And for the training itself, I chose to do 100 epochs, and I ended up with my best results yet! 99.9% tone accuracy and 93.3% sound accuracy!

Unfreezing and fine-tuning HuBERT

With the latest results, I was confident I could do a little better. I knew that I could, at the very least, get 100% tone accuracy. And my goal was ~95% sound accuracy.

This time, I decided to unfreeze more layers - training the last 3 layers of the Pinyin Model (rather than just the last layer consisting of my custom classifiers). Technically speaking, previously I was not actually adjusting weights on the base model, so it could be considered feature extraction using a frozen model to feed into my own custom models which were fine-tuned through the training epochs. In essence, I was relying on HuBERT's pretrained weights to handle all of the audio analysis, and training a small network on top to interpret the HuBERT vector representation of various audio inputs.

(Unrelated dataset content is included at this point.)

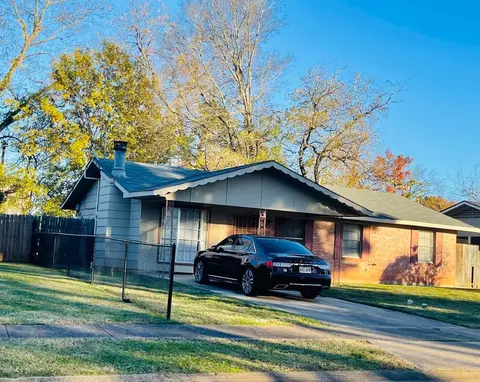 1516 Lampkin St, Bossier City, LA 71111
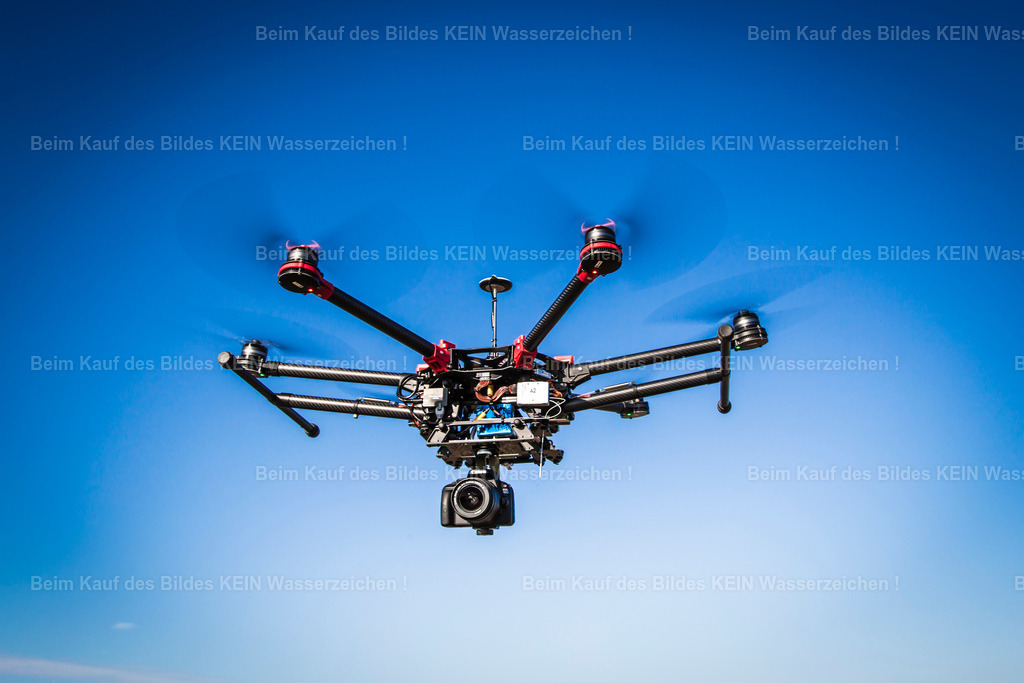Drohne S900 6D Tom-8308-2 | Vom Eigenbau zur Profi-Drohne--- Nur wenige Jahre nach meinen ersten selbstgebauten Fluggeräten hatte sich die Technik rasant weiterentwickelt. Diese DJI-Drohne war damals eine echte Profi-Arbeitsmaschine. Mit ihrem Carbonrahmen, sechs leistungsstarken Propellern und einem Durchmesser von rund 90 Zentimetern brachte sie etwa sieben Kilogramm auf die Waage. Der Gesamtwert der Flugplattform mit Kamera und Zubehör lag bei weit über 5.000 Euro – für mich eine große Investition und zugleich ein klares Bekenntnis zur professionellen Luftbildfotografie. --- Wenn ich diese Drohne heute sehe, erinnere ich mich daran, wie schnell sich die Technik entwickelt hat. Gleichzeitig bestätigt sie mich in einer Entscheidung, die ich schon früh getroffen hatte: Wer dauerhaft erfolgreich sein möchte, muss bereit sein, in gute Technik zu investieren und mit der Zeit zu gehen. Sie war für mich weit mehr als nur eine Drohne. --- Sie war ein wichtiger Begleiter auf dem Weg vom begeisterten Tüftler zum professionellen Luftbildfotografen. Heute steht die Drohne zur Erinnerung in meinem Büro und ist immer noch auf meinem Auto zusehen. - Realisiert mit Pictrs.com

With some HuBERT layers unfrozen, this time I would technically be partially fine-tuning the HuBERT model itself, hoping that a few of the most superficial layers could be trained to better recognize speech intricacies related to my task. This would have an effect on how the audio data is being interpreted and represented upstream of my ultimate classifier heads.

hubert = torchaudio.pipelines.HUBERT_BASE.get_model()

# Instantiate your custom model
num_tones = 4  # Mandarin has four tones
num_sounds = 410  # The number of unique syllables in your dataset
pinyin_model = PinyinModel(hubert, num_tones, num_sounds)

num_transformer_layers_to_unfreeze = 3  # for example, last 3 layers
for i in range(-1, -num_transformer_layers_to_unfreeze - 1, -1):
    for param in pinyin_model.backbone.encoder.transformer.layers[i].parameters():
        param.requires_grad = True

# Unfreeze tone and sound classifiers
for param in pinyin_model.tone_classifier.parameters():
    param.requires_grad = True
for param in pinyin_model.sound_classifier.parameters():
    param.requires_grad = True

I also added another augmentation which randomly inserted silence at the start of each audio file. This more closely mimicked the reality of spoken language (which sometimes has variable gaps before sounds!).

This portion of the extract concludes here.